The SS AMERICAN MARINER is loaded with the cargo shown in table ST-0141 below. Use the white pages of The Stability Data Reference Book to determine the amount of liquid loading required in the double bottom tanks to meet a one compartment standard.
• Use the Stability Data Reference Book white pages for SS AMERICAN MARINER damaged stability problems, not the worked examples in the front. • Recall what the one-compartment standard means: the ship must meet required stability after flooding any single designated compartment (here, a double bottom tank). • Pay attention to how the vertical distribution of cargo (deck, tween decks, hold) affects the vessel’s KG, and how adding liquid in the double bottoms changes KG and draft.
• From the cargo layers shown, how will the combined vertical center of gravity (KG) compare with lightship KG? Higher or lower? What does that suggest about the need for additional low weight? • When you enter the Damage Stability (one-compartment) tables for this loading, which column or curve tells you the required double-bottom loading to meet the standard? • As you add liquid in the double bottoms, what happens to GM and to the limiting KG allowed by the standard? Where do you see this change in the tables?
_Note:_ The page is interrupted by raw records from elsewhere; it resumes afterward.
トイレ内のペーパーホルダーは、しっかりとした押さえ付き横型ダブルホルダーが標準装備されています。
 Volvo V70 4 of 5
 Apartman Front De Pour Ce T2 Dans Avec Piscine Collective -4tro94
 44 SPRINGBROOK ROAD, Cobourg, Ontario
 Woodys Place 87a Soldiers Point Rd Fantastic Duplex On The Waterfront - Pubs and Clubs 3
• Verify you are using the correct displacement column that corresponds to the total loaded displacement (lightship + all cargo) before adding any tank liquid. • Make sure you use the cargo vertical centers given in the reference book (heights above baseline) to compute KG, not assumed or guessed values. • Before choosing an answer, confirm that the amount of liquid you select brings the actual KG at or below the allowable KG for the worst-case one-compartment damage condition in the tables.